From: Si-Wei Liu <si-wei.liu@oracle.com>
To: "Zhu, Lingshan" <lingshan.zhu@intel.com>,
jasowang@redhat.com, mst@redhat.com
Cc: virtualization@lists.linux-foundation.org,
netdev@vger.kernel.org, kvm@vger.kernel.org, parav@nvidia.com,
xieyongji@bytedance.com, gautam.dawar@amd.com
Subject: Re: [PATCH 2/2] vDPA: conditionally read fields in virtio-net dev
Date: Tue, 16 Aug 2022 00:58:41 -0700 [thread overview]
Message-ID: <9b6292f3-9bd5-ecd8-5e42-cd5d12f036e7@oracle.com> (raw)
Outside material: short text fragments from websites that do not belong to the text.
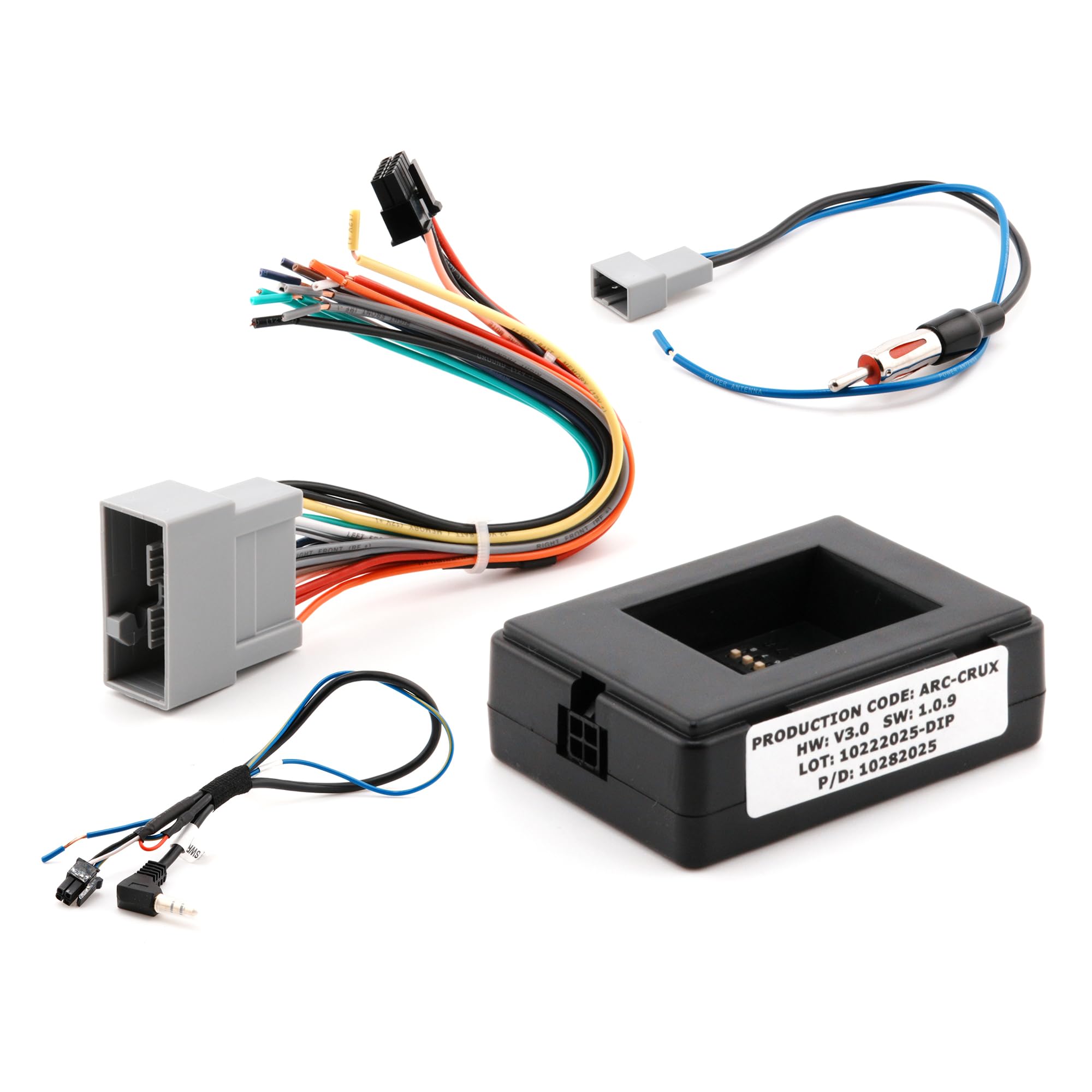 アクセサリー RT Jmen Taiwan 53100-89109 Grille for TOYOTA Hilux RN5 RN6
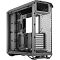 Фото-13 Корпус Fractal Design Torrent TG Light Full Tower Без БП серый, FD-C-TOR1A-02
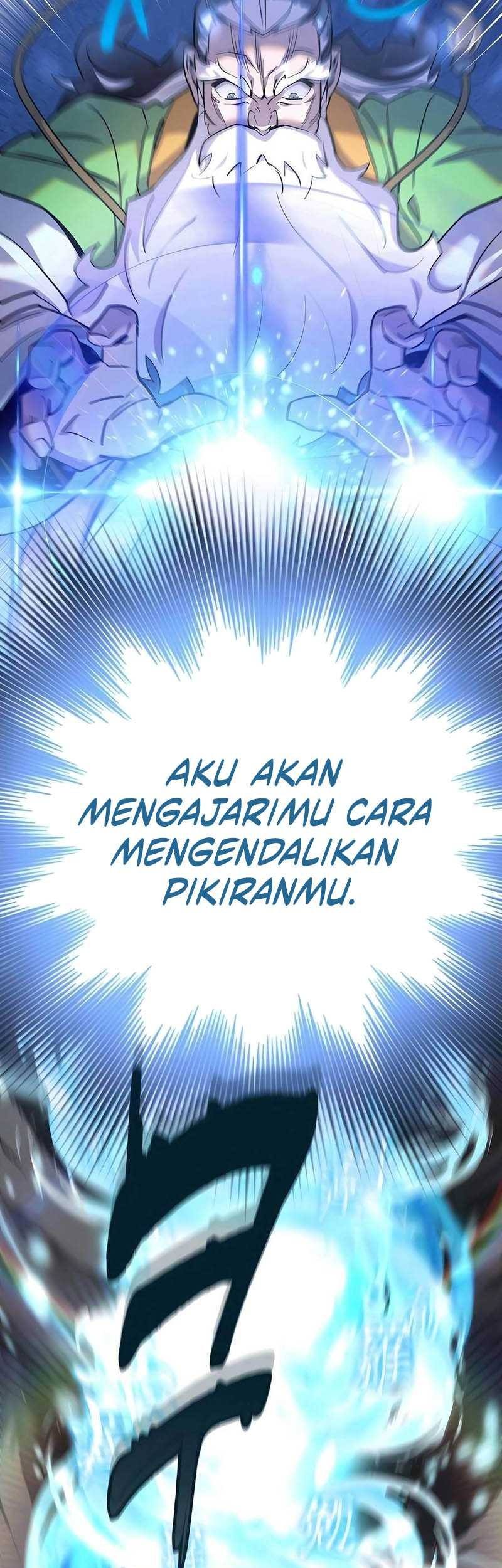 Halaman 62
In-Reply-To: <20e92551-a639-ec13-3d9c-13bb215422e1@intel.com>
On 8/15/2022 6:58 PM, Zhu, Lingshan wrote:
>
>
> On 8/16/2022 7:32 AM, Si-Wei Liu wrote:
>>
>>
>> On 8/15/2022 2:26 AM, Zhu Lingshan wrote:
>>> Some fields of virtio-net device config space are
>>> conditional on the feature bits, the spec says:
>>>
>>> "The mac address field always exists
>>> (though is only valid if VIRTIO_NET_F_MAC is set)"
>>>
>>> "max_virtqueue_pairs only exists if VIRTIO_NET_F_MQ
>>> or VIRTIO_NET_F_RSS is set"
>>>
>>> "mtu only exists if VIRTIO_NET_F_MTU is set"
>>>
>>> so we should read MTU, MAC and MQ in the device config
>>> space only when these feature bits are offered.
>>>
>>> For MQ, if both VIRTIO_NET_F_MQ and VIRTIO_NET_F_RSS are
>>> not set, the virtio device should have
>>> one queue pair as default value, so when userspace querying queue
>>> pair numbers,
>>> it should return mq=1 than zero.
>>>
>>> For MTU, if VIRTIO_NET_F_MTU is not set, we should not read
>>> MTU from the device config sapce.
>>> RFC894 <A Standard for the Transmission of IP Datagrams over
>>> Ethernet Networks>
>>> says:"The minimum length of the data field of a packet sent over an
>>> Ethernet is 1500 octets, thus the maximum length of an IP datagram
>>> sent over an Ethernet is 1500 octets. Implementations are encouraged
>>> to support full-length packets"
>> Noted there's a typo in the above "The *maximum* length of the data
>> field of a packet sent over an Ethernet is 1500 octets ..." and the
>> RFC was written 1984.
> the spec RFC894 says it is 1500, see <a
> href="https://urldefense.com/v3/__https://www.rfc-editor.org/rfc/rfc894.txt__;!!ACWV5N9M2RV99hQ!MdgxZjw5sp5Qz-GKfwT1IWcw_L4Jo1-UekuJPFz1UrG3YuqirKz7P9ksdJFh1vB6zHJ7z8Q04fpT0-9jWXCtlWM$">https://www.rfc-editor.org/rfc/rfc894.txt</a>
>>
>> Apparently that is no longer true with the introduction of Jumbo size
>> frame later in the 2000s. I'm not sure what is the point of mention
>> this ancient RFC. It doesn't say default MTU of any Ethernet
>> NIC/switch should be 1500 in either case.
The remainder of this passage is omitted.